Siemens forecasts UK offshore wind power subsidies will drop below nuclear
10 March 2017
Subsidy costs for British offshore wind farms should fall below that of new nuclear plants, according to the head of Siemens' UK offshore wind operations. The UK government is under pressure to bring down users' electricity costs at the same time as subsidising low-carbon generation to help meet its carbon emission reduction targets and plug a looming supply gap.
The next government auction setting prices for new renewable power projects will open in April and Clark MacFarlane, Siemens managing director for offshore wind, told Reuters this could see offshore wind costs fall below new nuclear for the first time.
He said the price would keep falling as the industry found better logistic solutions, new grid solutions, as well as bigger turbines.
French utility EDF was awarded a contract which guarantees the new Hinkley C nuclear power station a price of £92.5 ($112.50) per pounds/megawatt hour (MWh) for the electricity it produces, which is more than double the current wholesale price of electricity.
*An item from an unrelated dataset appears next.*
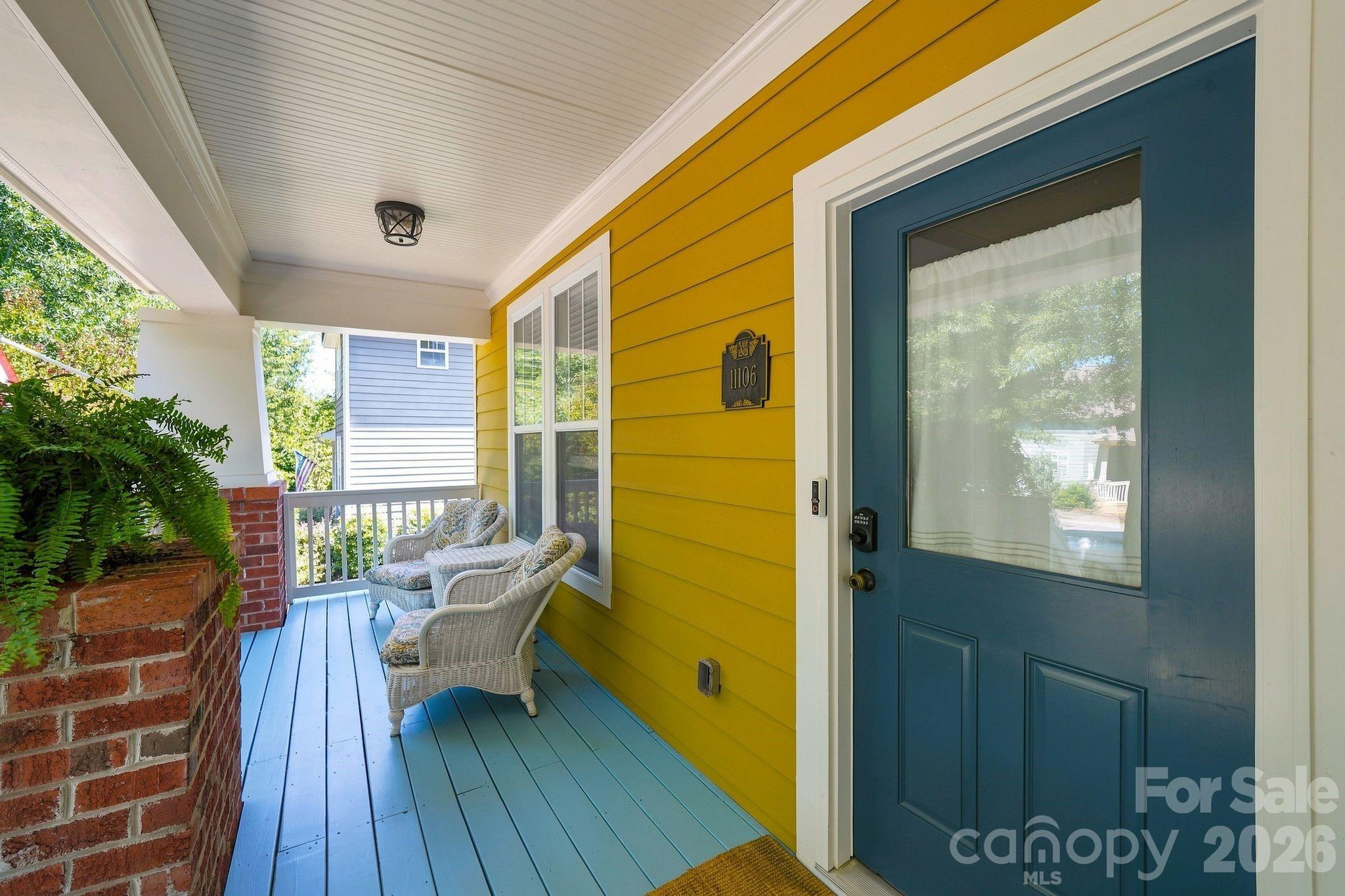 11106 Harbert Rd, Huntersville, NC 28078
The cost of producing electricity from wind farms off the coast of Britain has already fallen 32% in the past four years, and averaged around £97 per megawatt-hour (MWh) in the 2015-2016 financial year an industry report said earlier this year.
MacFarlane said increasing the size of wind turbines means automatically cutting the number of turbine towers and foundations needed to produce the same amount of electricity, thereby reducing costs.
Siemens produces turbines for British offshore wind projects at its 310 million-pound ($380 million) manufacturing plant in Hull, northeast England, including Dong Energy and Macquarie's Race Bank project off the nearby coast.